You were still warm, mother, but your heart was no longer beating. I was longing to make you hear, desperately, my gratitude for the life you gave me. That day I stood there, staring at you, thinking how beautiful you looked, even in dying, on that ugly ER bed. You could have been an actress. You could have been everyone's star, but you were mine, and our family's. You could have been popular, and yet you chose to be a teacher, spreading kindness and future into difficult kids who needed both badly.
And you, You saved me. Many times. In many ways.
I remember when I was eleven and overdosed on Nutella. You said it was an 800-gram jar I ate. I remember it smaller. I was hospitalized in the same place where you died today, which is the kind of symmetry the universe throws at you when it wants you to feel something. I remember how you put me back on the right path after that episode. How you taught me not to abuse the things I love. I also remember the day I called you a whore and you, instead of breaking a broomstick across my back (which, looking back, would have been deserved), sat me down and asked if I even knew what that word meant. I didn't. I had picked it up at school. I knew it was offensive but had no real concept of why. You made me understand how important it is to know what you're saying before you say it. That day I learned, without either of us realizing it, the concept of "as-a-service," which is funny now because it's applied to absolutely everything. I know you forgave me instantly. I'm still working on forgiving myself.
A carcinoma with metastases to the lymph nodes, they said. Spread from your womb, my first house, till your lungs. Stage IV, they said. Incurable. Palliative chemo eventually, they said. It must be a mistake, check again please, I said. It wasn't. It all sounded like a death sentence without an expiry date, like a mozzarella left in the fridge, slowly becoming something else entirely.
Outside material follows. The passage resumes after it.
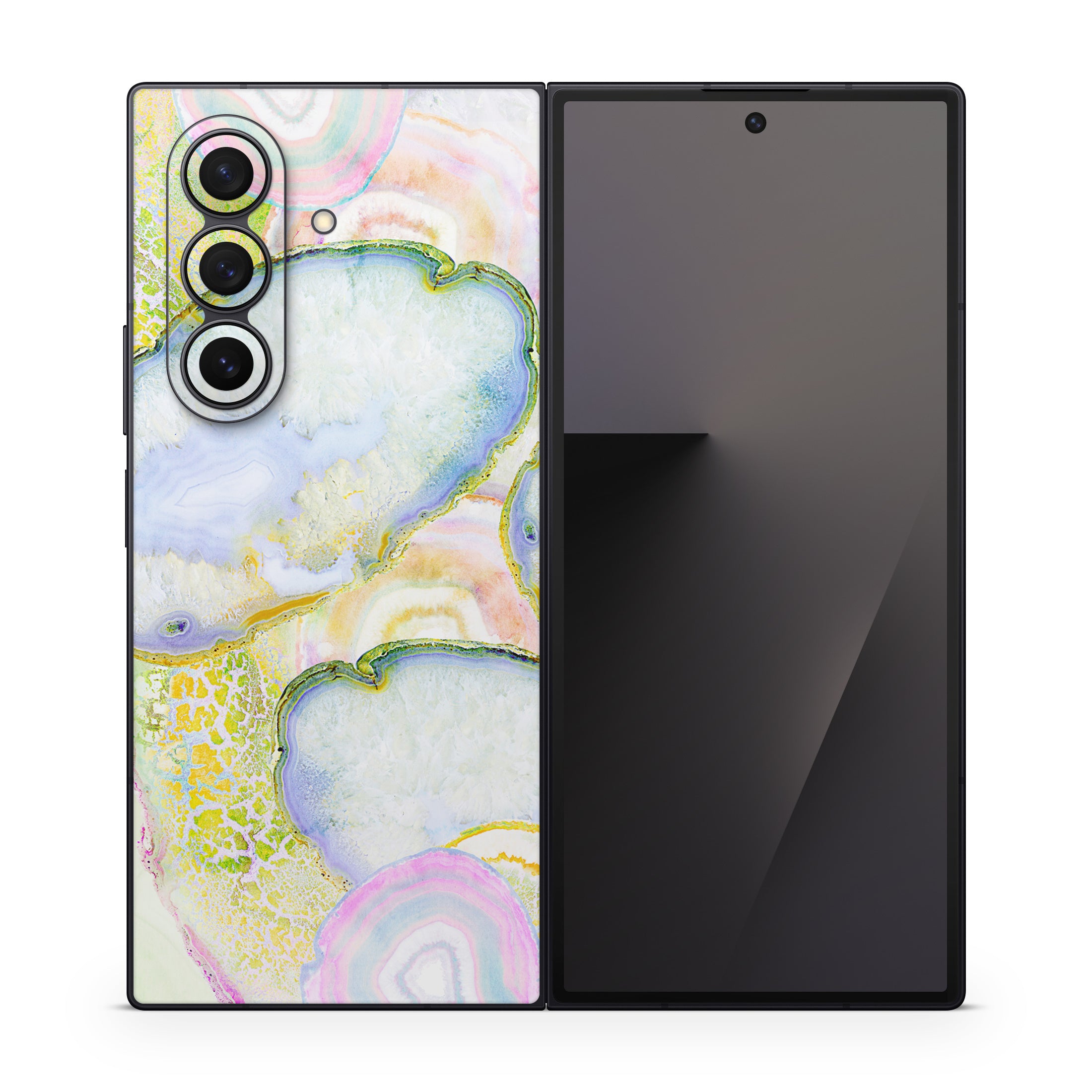 Agate Dreams - Samsung Galaxy Z Fold7 Skin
The dignity you showed in handling that disgraceful news, I will never forget it. I was a grown man and I was still learning from you, right there, in that doctor's office, on that specific horrible day that I would happily erase from the calendar of my life. A day that made me forcefully resign to everything to follow you. I would have started swearing in every foreign language I know, and I know a few, enough to cause a diplomatic incident. You, though. You just looked at the ceiling for a moment, the way people do when they're not actually looking at the ceiling but somewhere else entirely. Then you turned to me, your eyes in tears, and said, "We fight. We won't retreat by a millimetre".
Love your mothers, out there. They deserve better. Don't waste your fucking time. Tell them how grateful you are, while they can still hear you. You will regret it if you don't, exactly as I am doing right now, because once they fade because of an unannounced cancer, once they pass, you're on your own.